WORK REQUIRED:
Restate the data exactly as given and keep the pictures out.

RECORDED DATA:
Segment Open

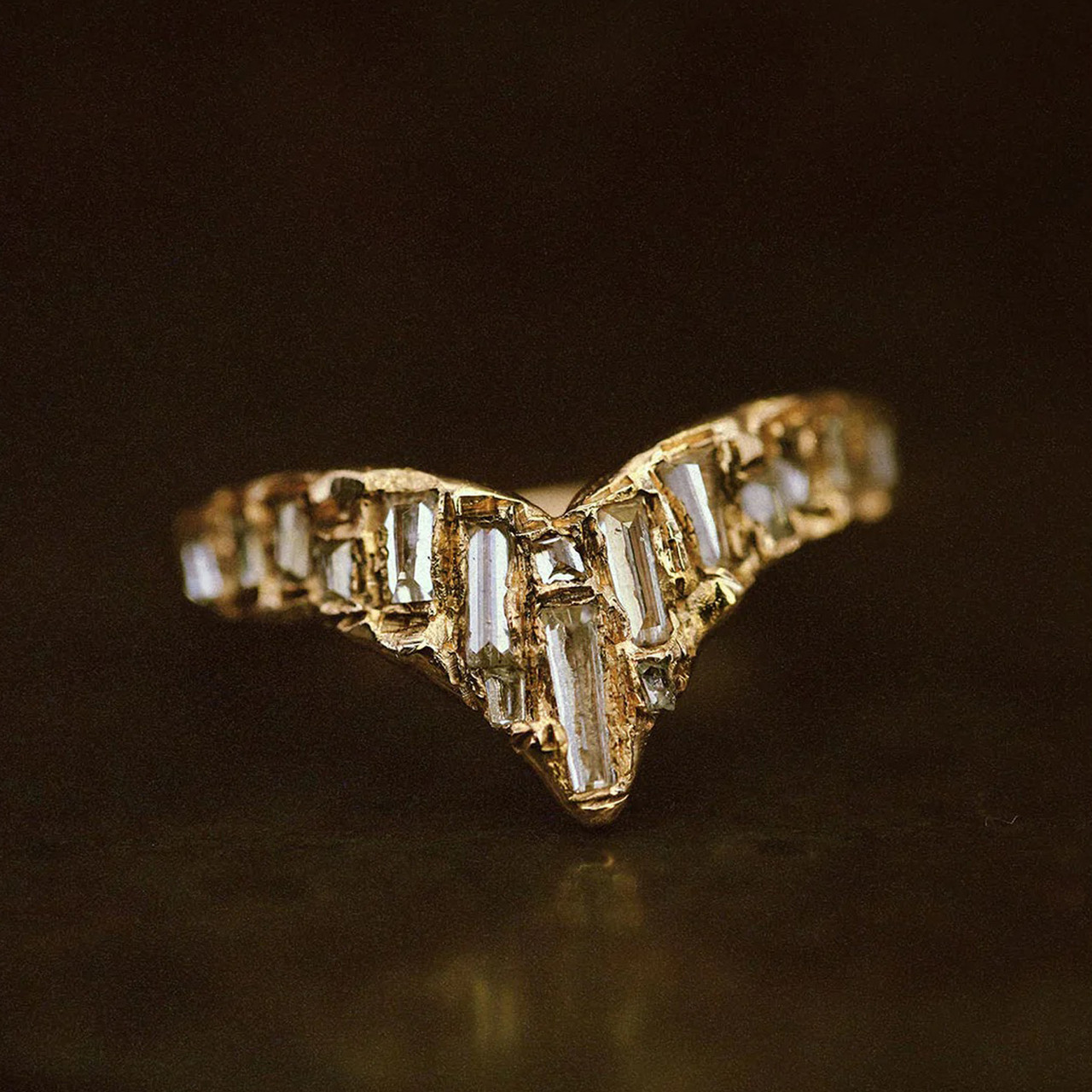 X White Baguette Diamond Scatter Point V Shape Ring, Ellis Mhairi Cameron, tomfoolery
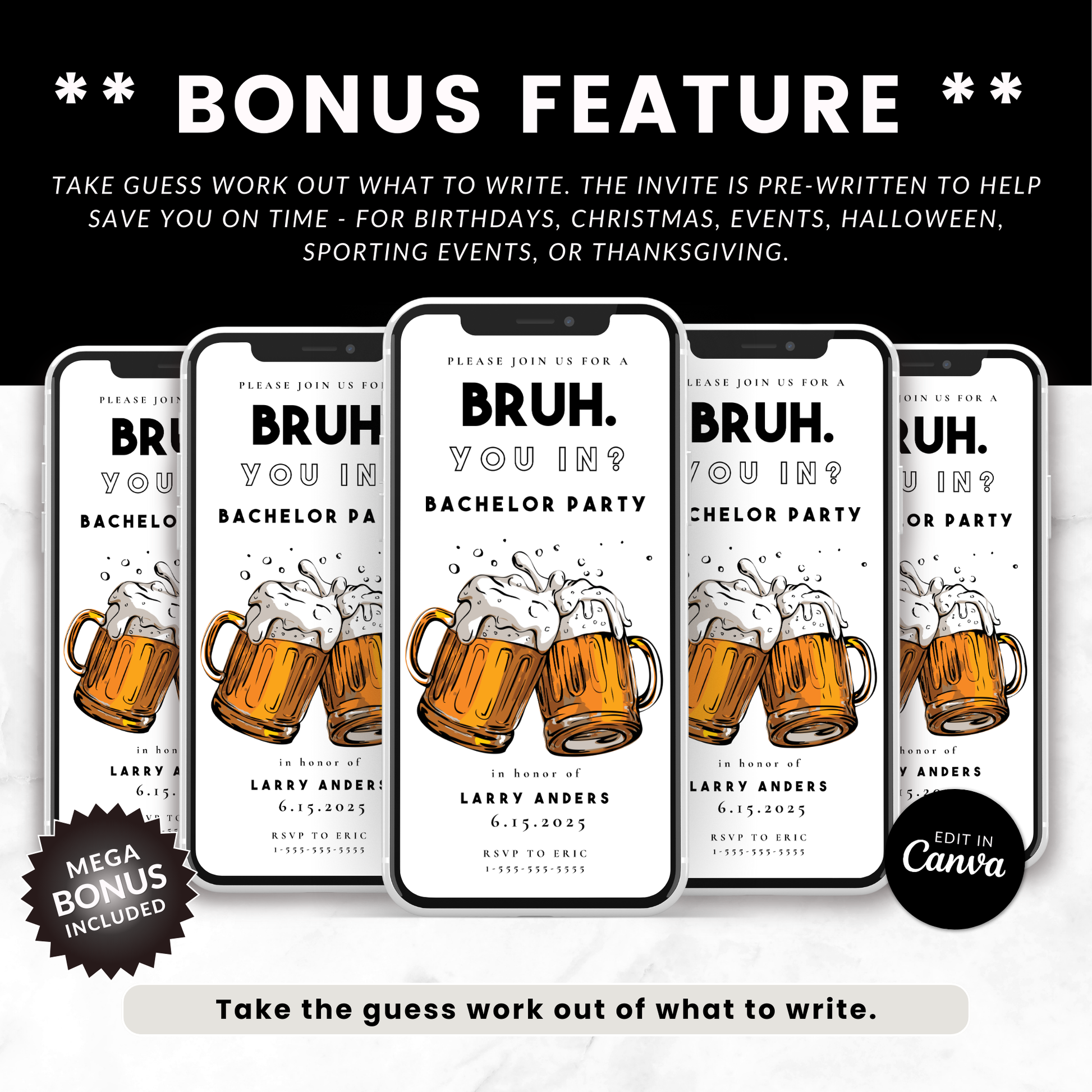 Bachelor Beer Party Invite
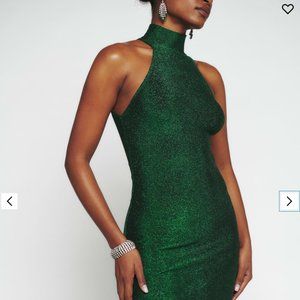 Reformation Argentia Dress (NWOT) (S) (Green Emerald Sparkle)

Segment Closed

WRITTEN ANSWER:
 X White Baguette Diamond Scatter Point V Shape Ring, Ellis Mhairi Cameron, tomfoolery
 Bachelor Beer Party Invite
 Reformation Argentia Dress (NWOT) (S) (Green Emerald Sparkle)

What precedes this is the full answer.